WHAT IS BEING ASKED> Write out all of the entries that follow, word for word, but skip the pictures.

DATASET CONTENT>
______

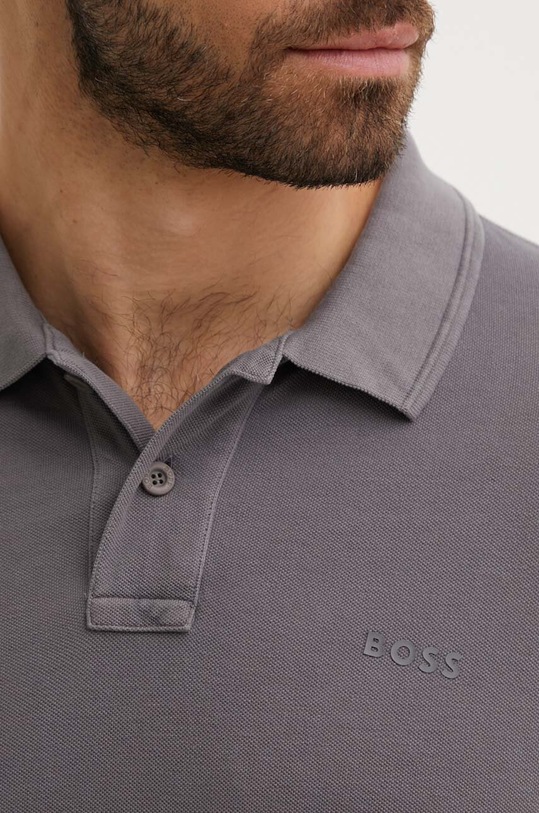 BOSS Orange polo pentru bărbați din bumbac Prime gri 50507813
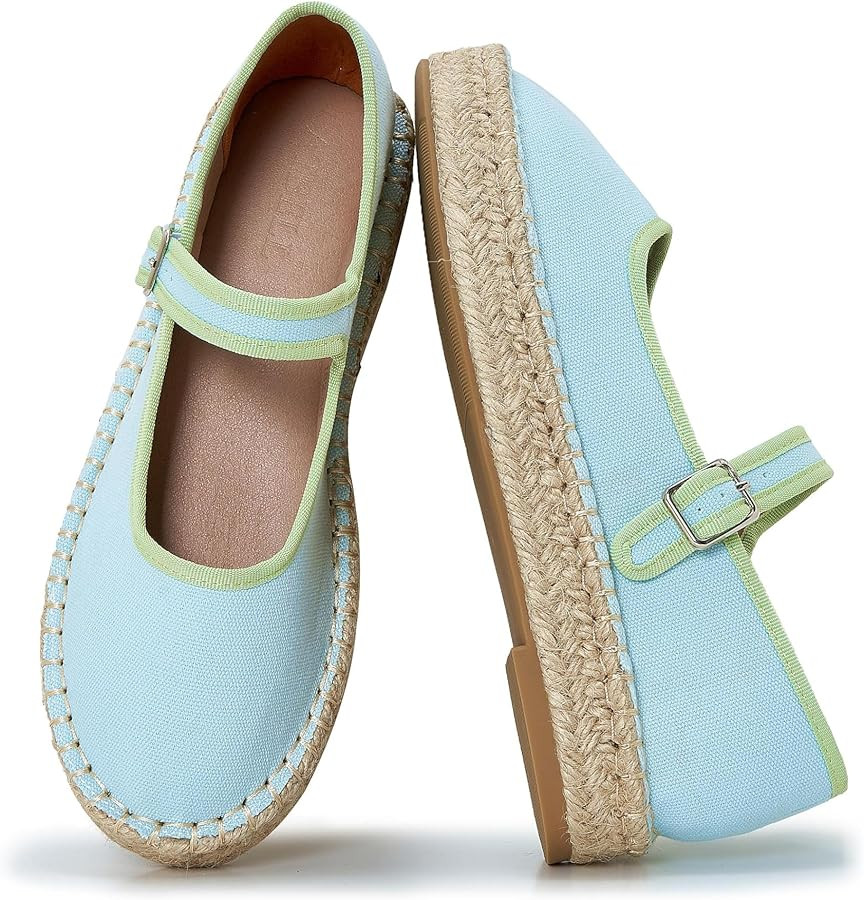 Women's Mary Jane Espadrilles Woven Espadrille Outsole Canvas Summer Flats | Amazon (US)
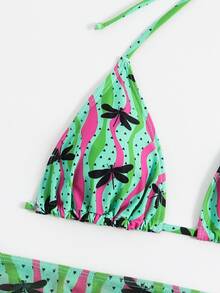 Allover Print Halter Triangle Summer Beach Bikini Set With Beach Skirt - Multicolor - View 4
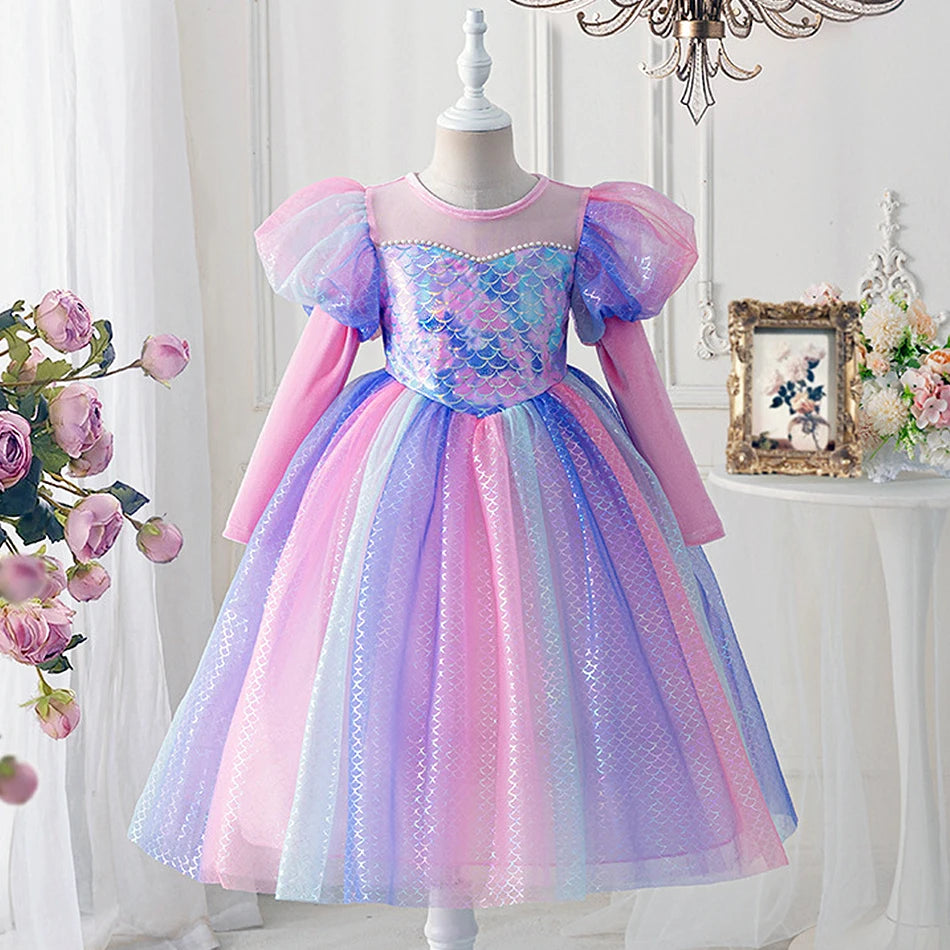 Girls Long-Sleeve Mermaid Princess Costume Dress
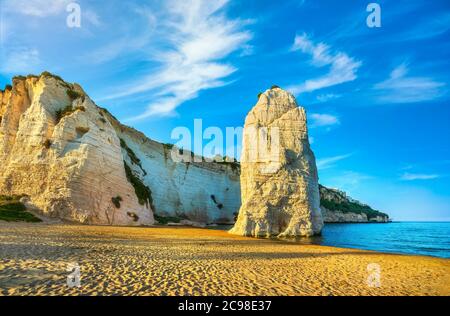 Vieste Pizzomunno e la spiaggia di roccia litorale, Gargano in Puglia, Italia meridionale, Europa. Foto Stock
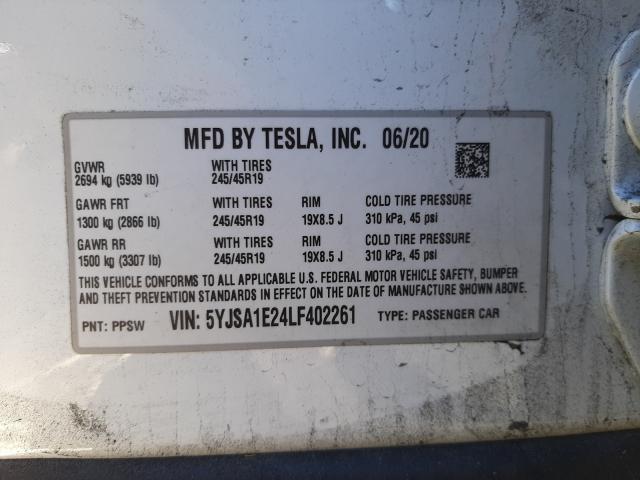 Photo 9 VIN: 5YJSA1E24LF402261 - TESLA MODEL S 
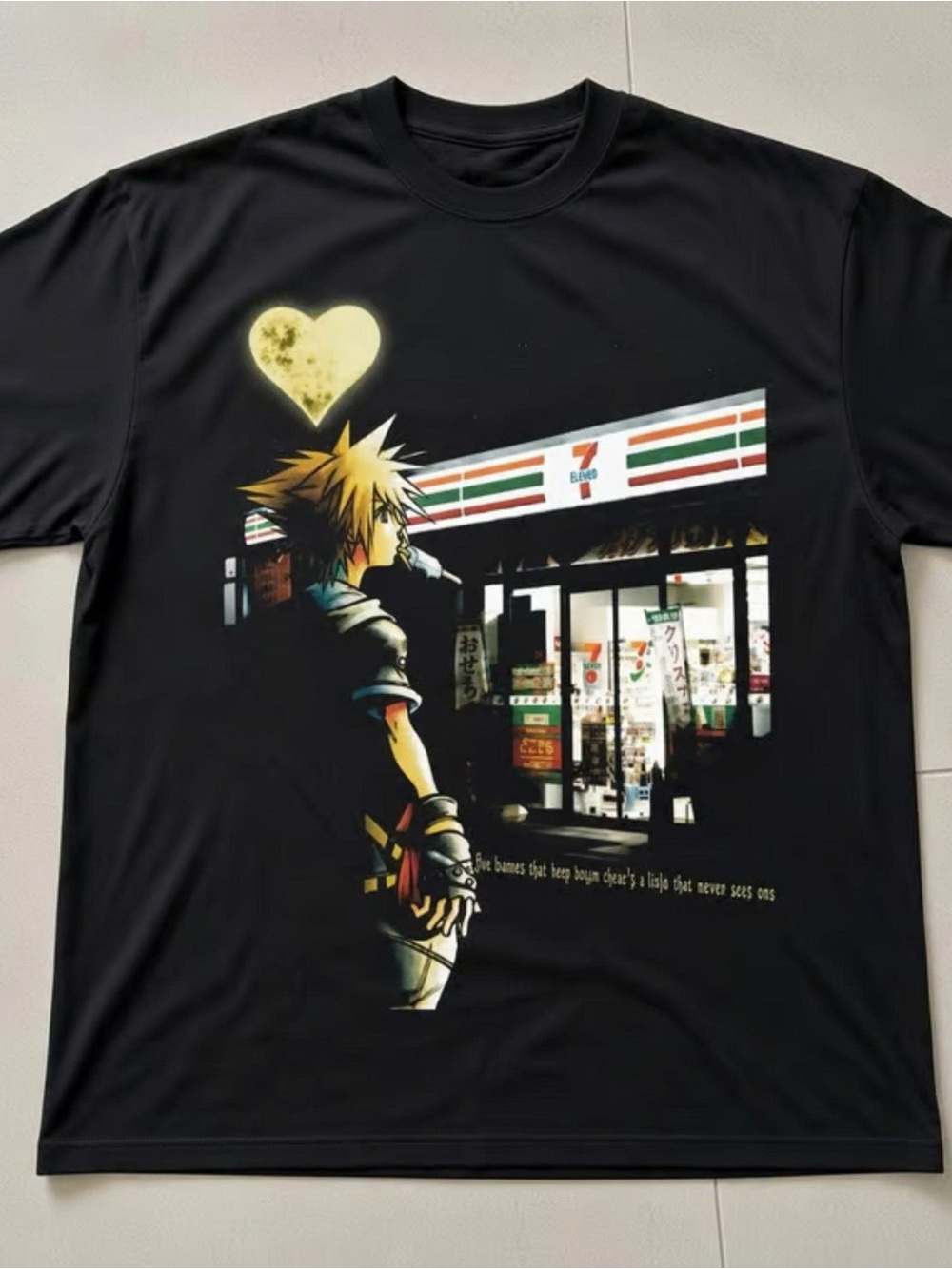 Vintage Anime Inspired Graphic Tee, Japanese City Night Aesthetic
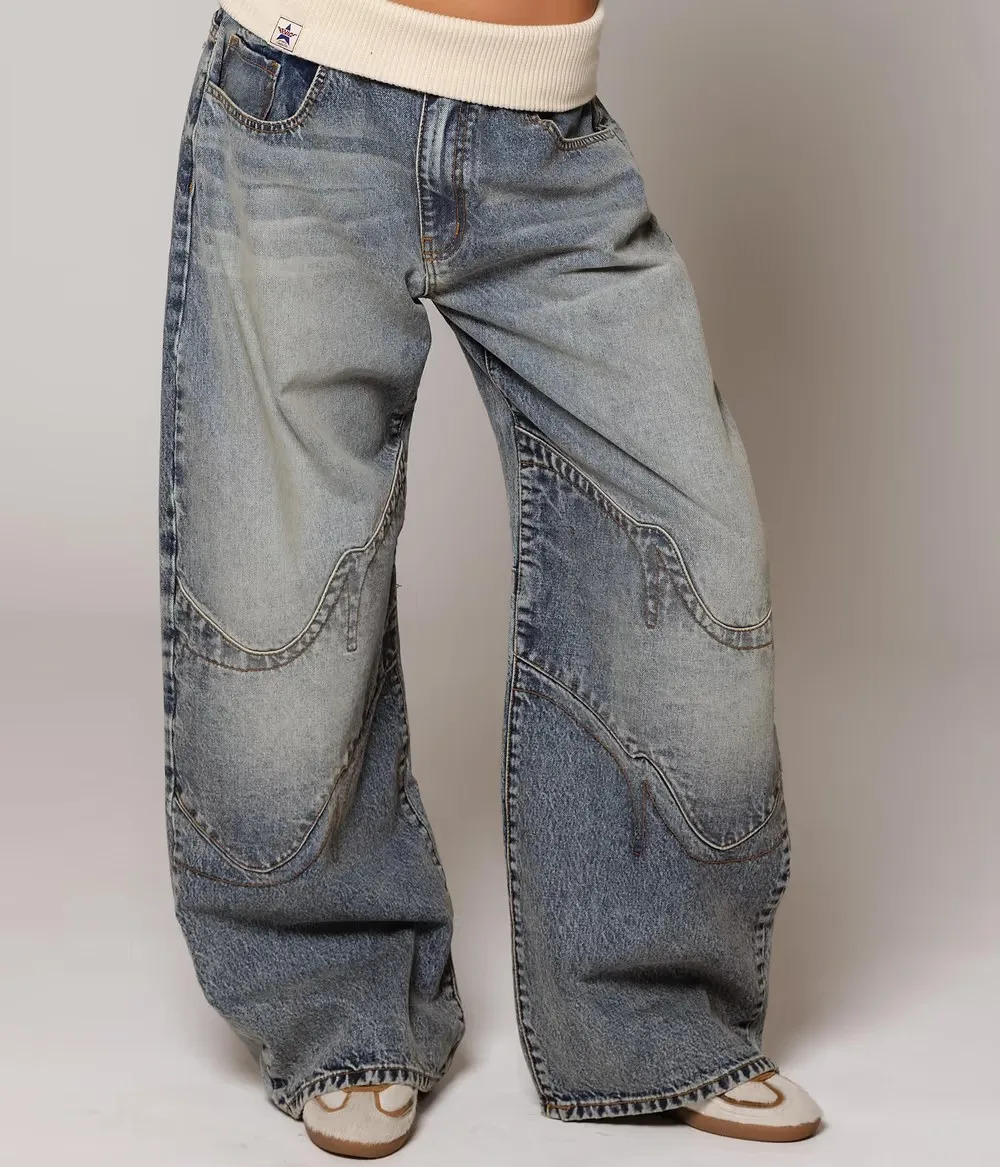 Y2K American Retro Spliced washed High Waist Jeans for Women Simple Versatile Wideleg Jean Hiphop Harajuku Baggy Women Jeans 251029
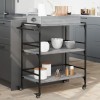 Carucior Bucatarie Gossi Gri Sonoma 81.5x41x92.5cm Lemn, Roti, Depozitare Alimente, Ustensile, Prosoape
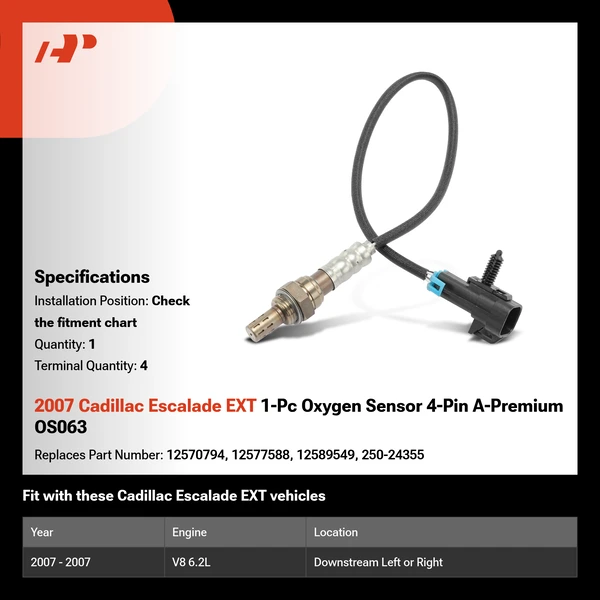 2007 Cadillac Escalade EXT 1-Pc Oxygen Sensor 4-Pin A-Premium OS063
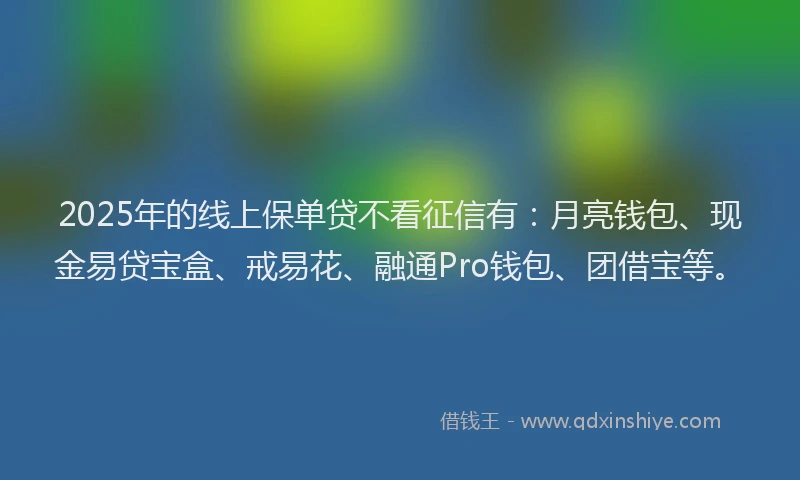 2025年的线上保单贷不看征信有：月亮钱包、现金易贷宝盒、戒易花、融通Pro钱包、团借宝等。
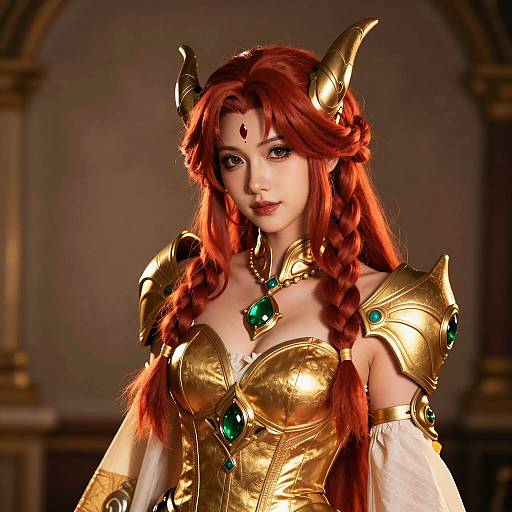 Golden Fantasy Costume with Green Pendant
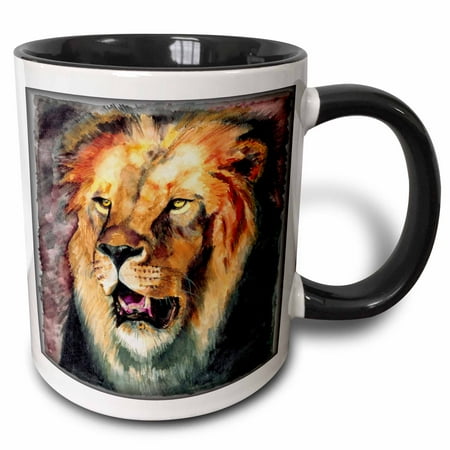 3dRose Lion Portrait - Two Tone Black Mug 11-ounce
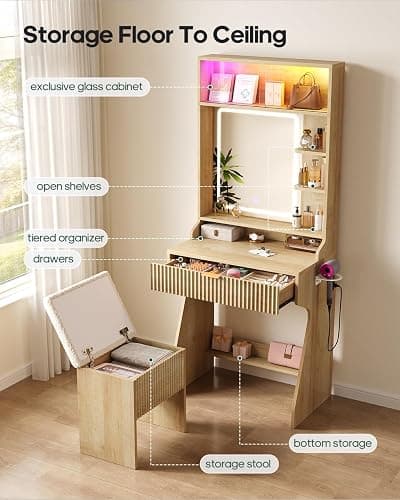 HAUOMS Small Vanity Desk with Mirror and Lights, Sound Sync LED Lights, Fluted Wood Compact Makeup Vanity Table Set with Teddy Fleece Chair, Storage Drawer, Shelves, Bedroom (Oak) thumbnail 8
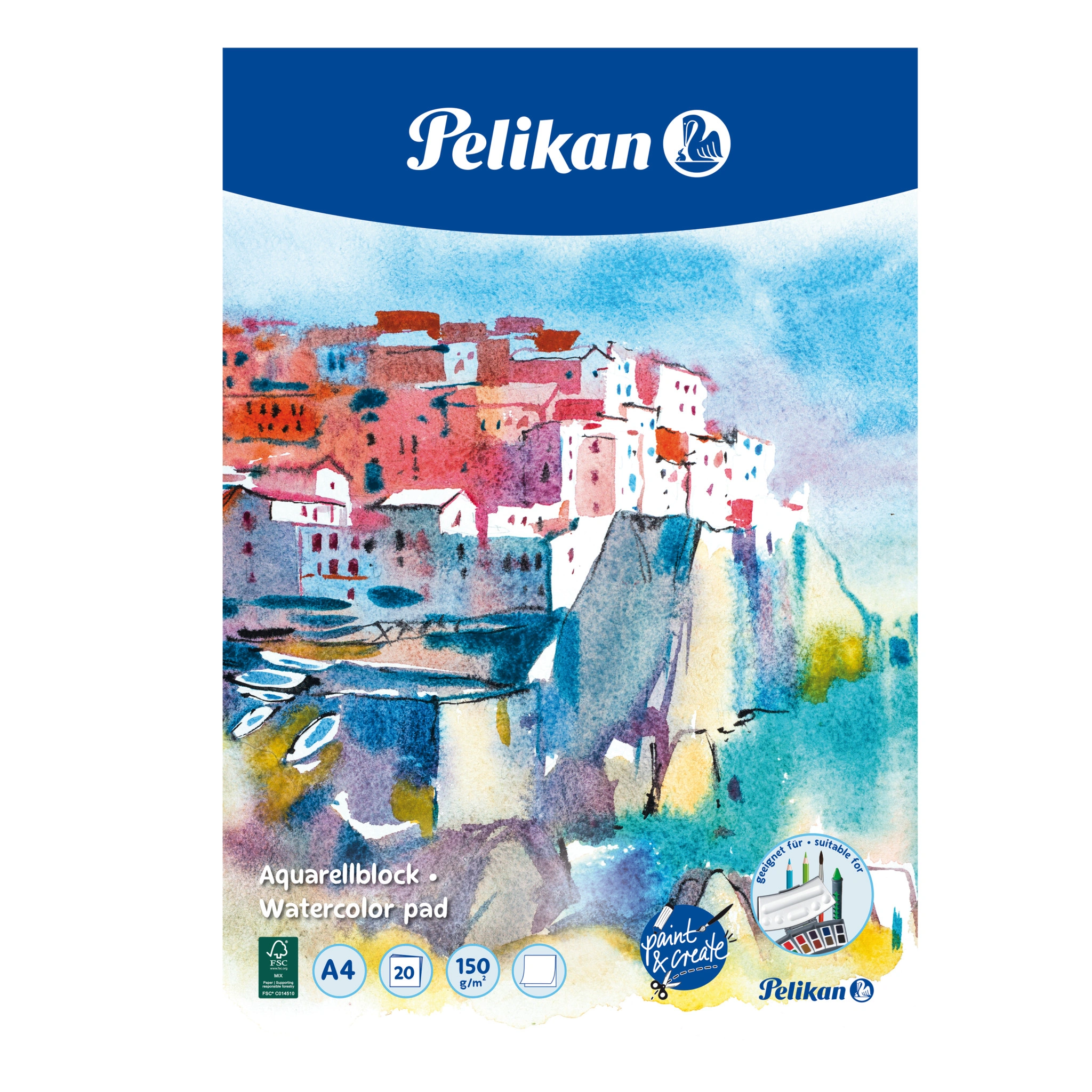 Pelikan Aquarellblock C4/20, DIN A4, 150 g/qm, 20 Blatt (EAN: 4012700236814)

______

WRITTEN REPLY>
 BOSS Orange polo pentru bărbați din bumbac Prime gri 50507813
 Women's Mary Jane Espadrilles Woven Espadrille Outsole Canvas Summer Flats | Amazon (US)
 Allover Print Halter Triangle Summer Beach Bikini Set With Beach Skirt - Multicolor - View 4
 Girls Long-Sleeve Mermaid Princess Costume Dress
 Vieste Pizzomunno e la spiaggia di roccia litorale, Gargano in Puglia, Italia meridionale, Europa. Foto Stock
 Photo 9 VIN: 5YJSA1E24LF402261 - TESLA MODEL S 
 Vintage Anime Inspired Graphic Tee, Japanese City Night Aesthetic
 Y2K American Retro Spliced washed High Waist Jeans for Women Simple Versatile Wideleg Jean Hiphop Harajuku Baggy Women Jeans 251029
 Carucior Bucatarie Gossi Gri Sonoma 81.5x41x92.5cm Lemn, Roti, Depozitare Alimente, Ustensile, Prosoape
 2007 Cadillac Escalade EXT 1-Pc Oxygen Sensor 4-Pin A-Premium OS063
 2025年的线上保单贷不看征信有：月亮钱包、现金易贷宝盒、戒易花、融通Pro钱包、团借宝等。
 Golden Fantasy Costume with Green Pendant
 3dRose Lion Portrait - Two Tone Black Mug 11-ounce
 HAUOMS Small Vanity Desk with Mirror and Lights, Sound Sync LED Lights, Fluted Wood Compact Makeup Vanity Table Set with Teddy Fleece Chair, Storage Drawer, Shelves, Bedroom (Oak) thumbnail 8
 Pelikan Aquarellblock C4/20, DIN A4, 150 g/qm, 20 Blatt (EAN: 4012700236814)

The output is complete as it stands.